Le petit tableau ci-dessous illustre la façon dont sont colorés les sprites.

Sprites Données des sprites Couleur
0 et 1 00
01
10
11
transparent
couleur 17
couleur 18
couleur 19
2 et 3 00
01
10
11
transparent
couleur 21
couleur 22
couleur 23
4 et 5 00
01
10
11
transparent
couleur 25
couleur 26
couleur 27
6 et 7 00
01
10
11
transparent
couleur 29
couleur 30
couleur 31

Pour afficher les sprites à l'écran, il faut créer une liste pour chacun d'entre eux ; ensuite, c'est au moyen du DMA sprite que l'Amiga lira chaque SpriteList. Une liste simple se compose de la manière suivante : deux mots de contrôle, suivis de plusieurs mots de données, puis à nouveau deux mots de contrôle. Le premier ensemble de mots de contrôle spécifie les coordonnées de départ et de fin du sprite, les mots de données contiennent sa définition graphique par bitplane pour chacune de ses lignes, et enfin le second ensemble de mots de contrôle caractérise la fin de la liste. Pour récapituler tout ça plus clairement, voici le schéma d'une SpriteList simple :

Début liste :
      dc.w hstart-vstart,vstop dc.w données 1 de la ligne 1, données 2 de la ligne 1
      dc.w données 1 de la ligne 2, données 2 de la ligne 2
      ...
      dc.w données 1 de la ligne n, données 2 de la ligne n
      dc.w 0,0

Il est possible de créer en tout 8 SpriteLists. Cependant, afficher 8 sprites à l'écran peut paraître quelque peu restreint. En fait, à chaque liste nous pouvons faire correspondre un très grand nombre de sprites différents, c'est d'ailleurs par ce procédé-là que dans le numéro prochain nous représenterons une bonne centaine d'étoiles. Ainsi, plus généralement, une SpriteList apparaît sur ce modèle :

Début liste :
      dc.w hstart1-vstart1,vstop1 ; Premier sprite
      dc.w données 1 de la ligne 1, données 2 de la ligne 1
      ...
      dc.w hstart2-vstart2,vstop2 ; Deuxième sprite
      dc.w données 1 de la ligne 1, données 2 de la ligne 1
      ...
      dc.w hstartn-vstartn,vstopn ; nième sprite
      dc.w données 1 de la ligne 1, données 2 de la ligne 1
      ...
      dc.w 0,0 ; Fin de liste

Nous avons annoncé à l'Amiga les formes et emplacements de nos sprites, cependant, celui-ci ne "sait" pas spontanément quelle partie de la mémoire constitue une SpriteList. Effectivement, nous sommes dans l'obligation d'initialiser les sprites. Pour ce faire, nous avons à notre disposition 8 registres de 32 bits débutant en$120. Nous "pokons" respectivement dans leurs contenus les adresses de base des 8 SpriteLists. Remarquez que les initialisations de ces registres doivent figurer dans la liste Copper pour la simple et bonne raison qu'ils sont utilisés par le matériel en tant que pointeur sur la donnée du sprite en cours de lecture. Ainsi, à chaque ligne de raster affichée, l'adresse contenue dans ces registres est incrémentée d'un mut. Conclusion, il faut la réinitialiser à chaque interruption Vertical Blank, tâche dont le Copper s'acquitte très bien.
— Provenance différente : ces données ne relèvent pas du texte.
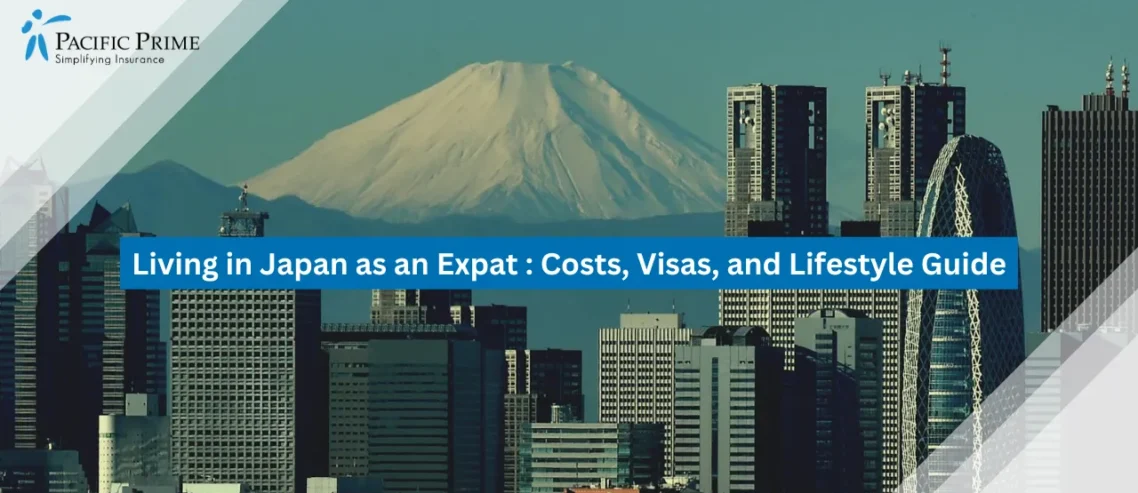 Image of Aerial View Of Tokyo City Skyline with text overlay of "Living in Japan as an Expat : Costs, Visas, and Lifestyle Guide"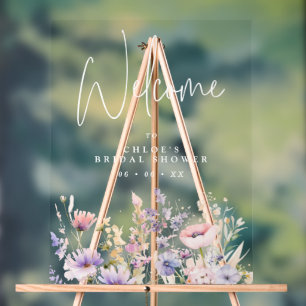 Lilac Wild Flowers Bridal Shower Welcome Acrylic Sign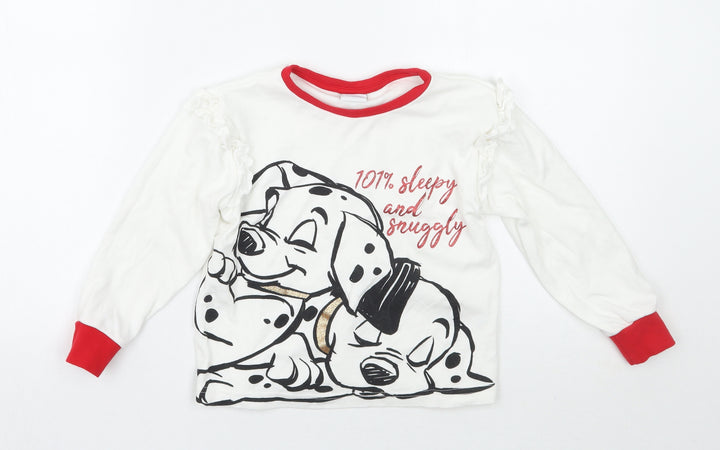 Matalan Girls White Animal Print  Basic T-Shirt Size 6 Years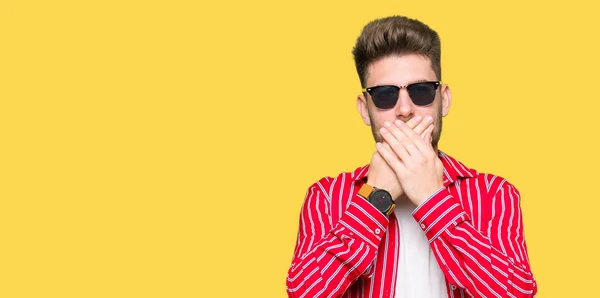 Young Handsome Man Wearing Sunglasses Shocked Covering Mouth Hands Mistake — Stock Photo, Image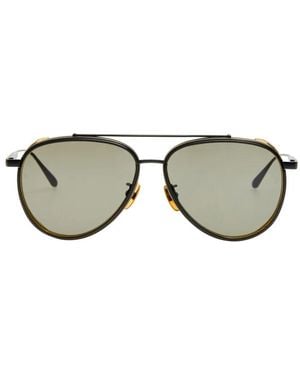 Linda Farrow Cortes Pilot-Frame Sunglasses - Metallic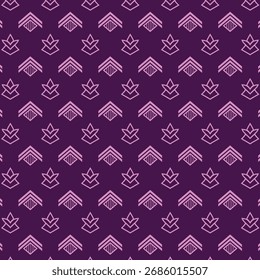 Elegante padrão geométrico com formas abstratas rosa macio em fundo roxo profundo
Enfin, les 8 canaux de sprites doivent être initialisés à l'aide d'un MOVE.W + $8220,$DFF096.

A suivre...

Nous achèverons de parler des sprites dans le prochain numéro, et comme d'habitude, je me lève et je te bouscule, comme d'habitude, tu ne te réveilles pas, comme d'habitude... Pardon : comme d'habitude, disais-je, nous illustrerons tout ceci par un programme d'animation d'étoiles qui, selon vous souhaits, pourra s'inscrire dans la Tube-Intro ou pourra être utilisé indépendamment.